[Exercise inputs]

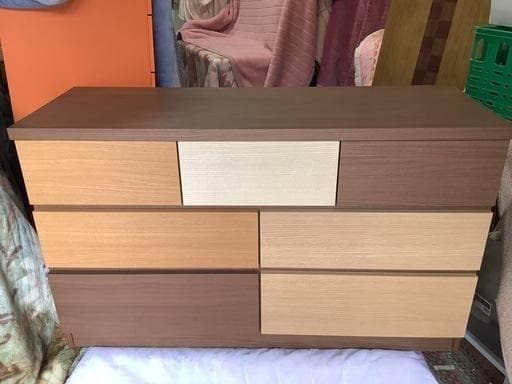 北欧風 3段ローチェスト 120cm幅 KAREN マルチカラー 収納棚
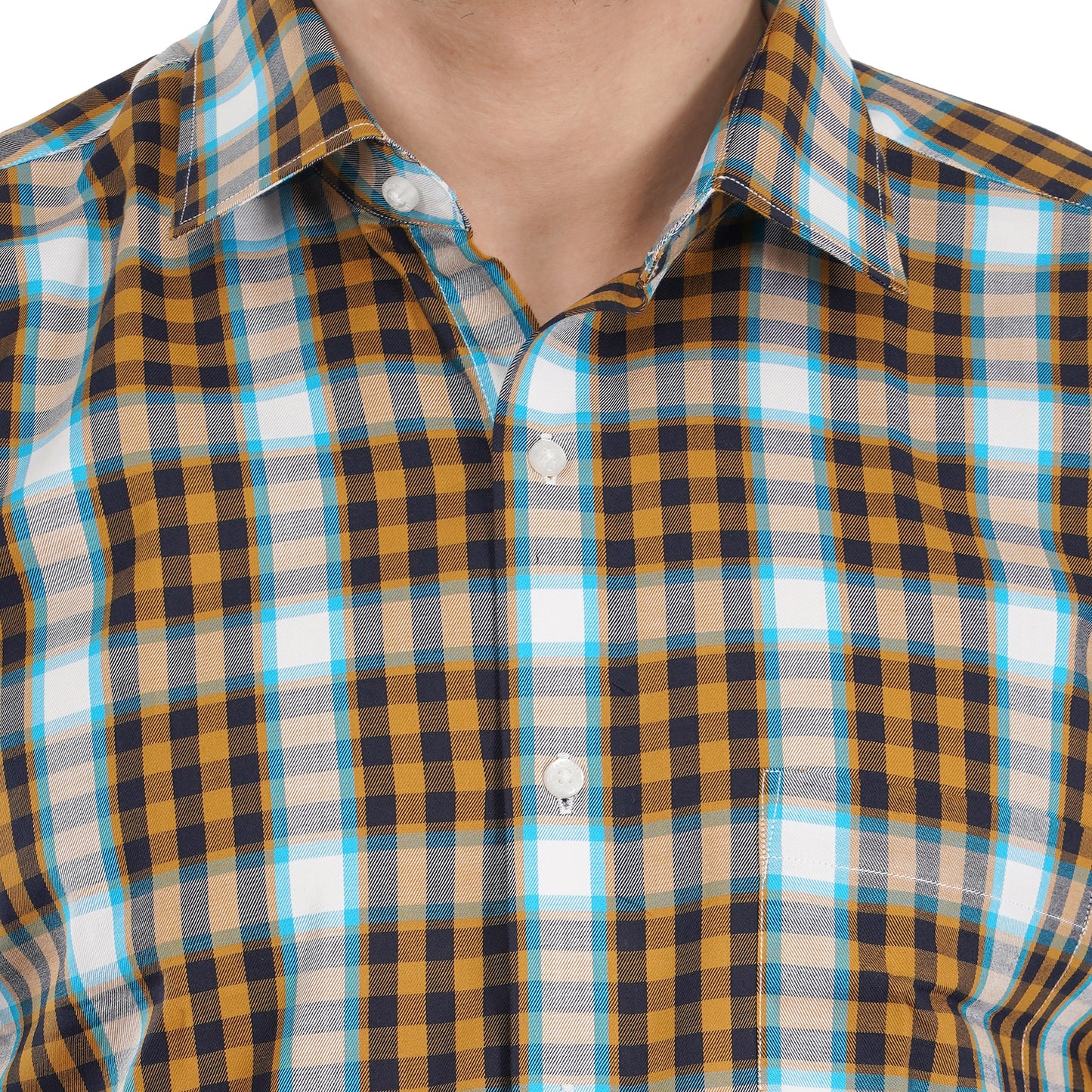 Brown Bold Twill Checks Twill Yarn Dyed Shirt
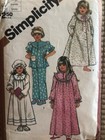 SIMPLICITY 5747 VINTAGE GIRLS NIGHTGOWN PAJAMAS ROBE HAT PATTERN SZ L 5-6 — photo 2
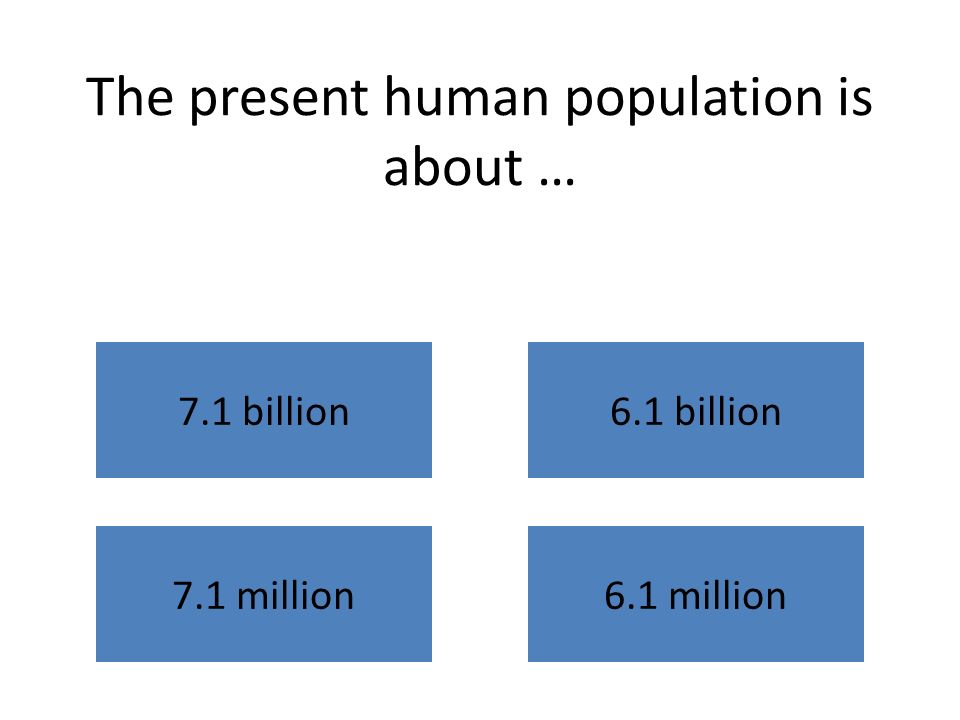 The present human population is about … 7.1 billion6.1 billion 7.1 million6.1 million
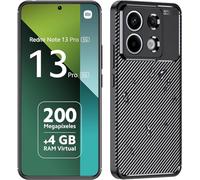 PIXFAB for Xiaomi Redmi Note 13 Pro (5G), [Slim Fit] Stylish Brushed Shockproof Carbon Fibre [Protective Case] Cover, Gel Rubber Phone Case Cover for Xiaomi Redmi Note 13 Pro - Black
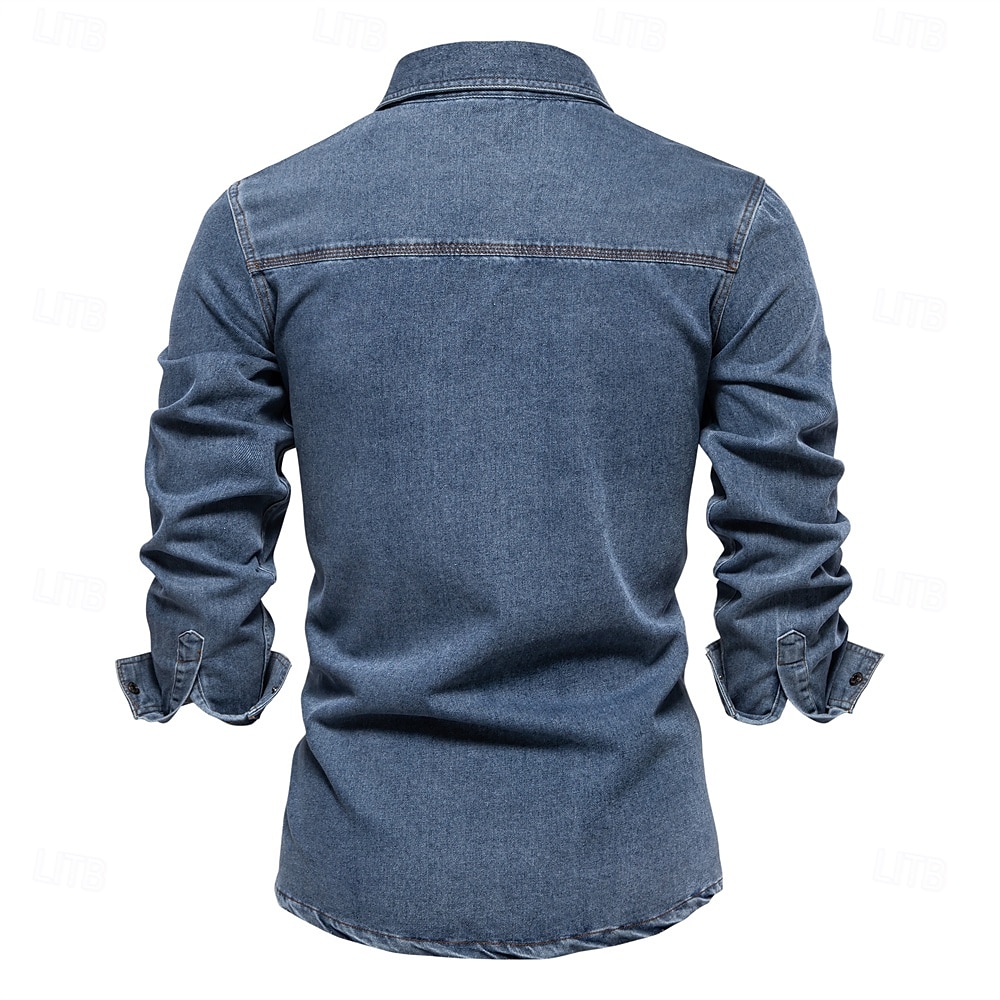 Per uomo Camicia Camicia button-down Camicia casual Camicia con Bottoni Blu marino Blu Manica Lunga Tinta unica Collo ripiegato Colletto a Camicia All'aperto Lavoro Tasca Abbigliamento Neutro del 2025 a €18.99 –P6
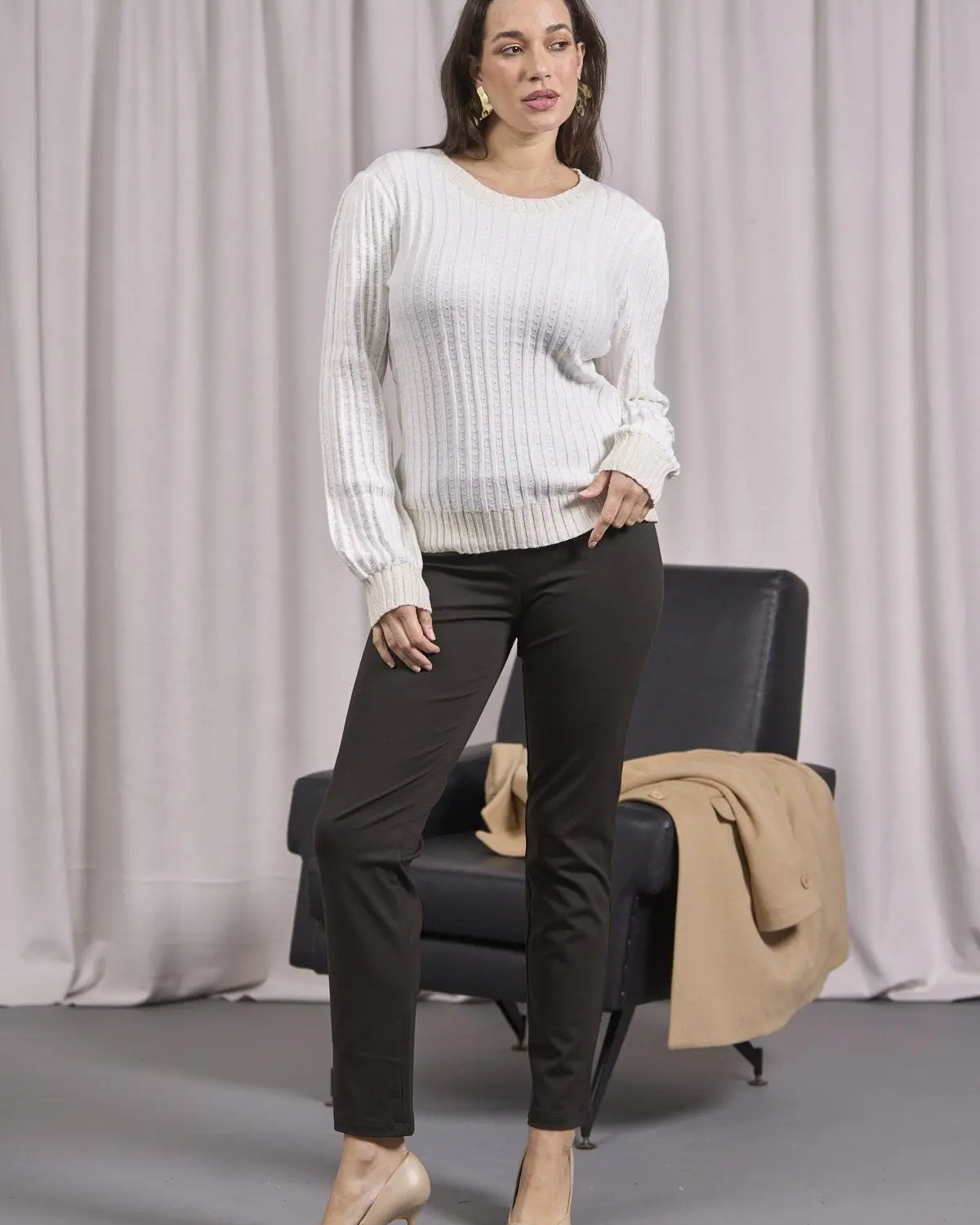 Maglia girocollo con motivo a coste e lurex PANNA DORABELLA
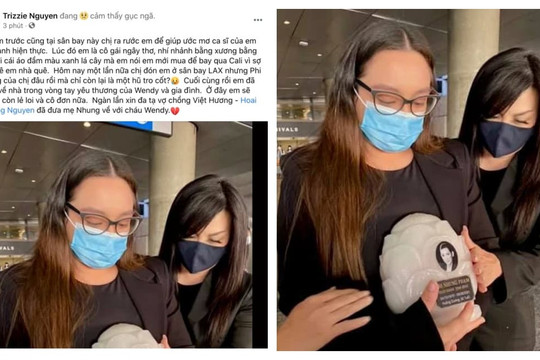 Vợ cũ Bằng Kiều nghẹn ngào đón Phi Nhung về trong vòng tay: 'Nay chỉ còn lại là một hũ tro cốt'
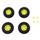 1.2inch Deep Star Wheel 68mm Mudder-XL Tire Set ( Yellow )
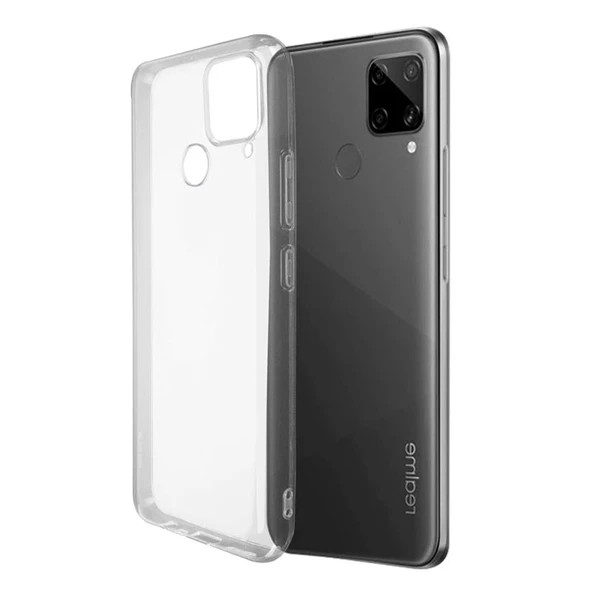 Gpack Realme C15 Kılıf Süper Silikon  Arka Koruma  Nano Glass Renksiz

[/Exercise inputs]

Print the whole listing exactly, please, and keep any images out of it.

 北欧風 3段ローチェスト 120cm幅 KAREN マルチカラー 収納棚
 Brown Bold Twill Checks Twill Yarn Dyed Shirt
 SIMPLICITY 5747 VINTAGE GIRLS NIGHTGOWN PAJAMAS ROBE HAT PATTERN SZ L 5-6 — photo 2
 The present human population is about … 7.1 billion6.1 billion 7.1 million6.1 million
 PIXFAB for Xiaomi Redmi Note 13 Pro (5G), [Slim Fit] Stylish Brushed Shockproof Carbon Fibre [Protective Case] Cover, Gel Rubber Phone Case Cover for Xiaomi Redmi Note 13 Pro - Black
 Per uomo Camicia Camicia button-down Camicia casual Camicia con Bottoni Blu marino Blu Manica Lunga Tinta unica Collo ripiegato Colletto a Camicia All'aperto Lavoro Tasca Abbigliamento Neutro del 2025 a €18.99 –P6
 Maglia girocollo con motivo a coste e lurex PANNA DORABELLA
 Vợ cũ Bằng Kiều nghẹn ngào đón Phi Nhung về trong vòng tay: 'Nay chỉ còn lại là một hũ tro cốt'
 1.2inch Deep Star Wheel 68mm Mudder-XL Tire Set ( Yellow )
 Gpack Realme C15 Kılıf Süper Silikon  Arka Koruma  Nano Glass Renksiz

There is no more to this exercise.